Granny is still clearly in the mind-reading business. “So. Look who is jumping now. White people. Duncan Robert. Babe. Miles. Who's next.” It's not a question. She looks at me intently. I can't answer her, but not because I'm resisting the question. Something else has occurred to me.

“They all come out.” I know this to be true. “I mean, Duncan Robert has. And I believe Babe and Miles will, too. I don't know about the ones before them.”

We look at each other.

“Where's Rebecca?”

“I don't know,” Granny answers. “And I don't know about any of the others. If they came out, they didn't stay around here. Their stories end with their jumps.”

We look at each other again.

“I do know that the Void is changing itself,” Granny says, “to be of better service. It's not the only sacred spot that's changing in the world. I think they're all changing. But it takes people to change them. A hole in the ground, powerful as it is, can't do as much by itself.”

She looks at me. I'm startled for a moment. Now I'm reading her mind! She's thinking me and my friends from Miles's class are going to be part of the change—we're going to jump. And she thinks it's good.

I shake my head. All of this jumping in our family, and now I'm going to jump?

CHAPTER TWENTY-THREE
The Students

“T
HEY JUMPED
. I
SAW THEM
. Without a sound, holding hands, they jumped.”

I pause from the force of telling the five of them. I recover my breath as they stare at me. “I was at the Void this morning.”

I look at them, and I know they're all going to jump, too. They just don't know it yet.

Donal shifts his gaze to the window beyond me. “I would have, too.” He's remembering that night when we were all at the Void, when he wanted to jump with his little brother.

“They're not back yet, but we know they will be. We just don't know how they might or might not be changed.”

From the front of class, as I lean on Miles's desk, I survey them. Kevin gets up from his seat in the back of the room, to pace. Monica doodles in her notebook, head hung low over it. Nathan goes to stand at the window, hands in his pockets. Donal hasn't moved. Lonnie sits next to him, flipping his pencil in the air over and over.

Spring break has just officially started this morning, but none of us plans to leave town. We all live in town or close by, and most of us will be working over spring break, not having some mad, all-out fling somewhere south and warm. We're sitting in the classroom where we always have our writing class with Miles, at the time we always have it. Everyone came. I texted them to be there if they could, and they all came, knowing it must be important.

“How did you know they were going to do it?” Monica asks.

“First, I just felt called to go to the Void. I woke up really early, and I just had to go. It was a clear, no-excuses kind of feeling. It started the day before and then just got stronger and stronger. I hardly slept.”

I look at them and then can't help saying, with a little pride, “It's an Indian thing.” Then I blush. “My Granny knew, too.” They nod.

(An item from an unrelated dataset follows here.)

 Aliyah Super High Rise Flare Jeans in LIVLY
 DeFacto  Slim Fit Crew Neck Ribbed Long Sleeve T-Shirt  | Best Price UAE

“So, I walked over there this morning, early, just before dawn. I came through the field by my house and through the woods and stood at the edge of the trees, just back from the Void. And as I stood there, I knew. First, that someone was going to jump. Second, who it was. I was hot and cold, as if my blood pressure was up. I didn't know if I could watch, and if I did watch, if I would do something.”

“Like what?” Kevin has stopped pacing, and beads of sweat line his forehead. He's half-nauseated by the thought of their jumping.

“I don't know. Jump myself? Scream? Try to stop them?” I rub my hands together absent mindedly, like Granny sometimes does. “But I didn't do any of those things, because I knew I couldn't interfere with their jump. This was their decision to make. My job was to keep it that way. They came just a few minutes later, together.”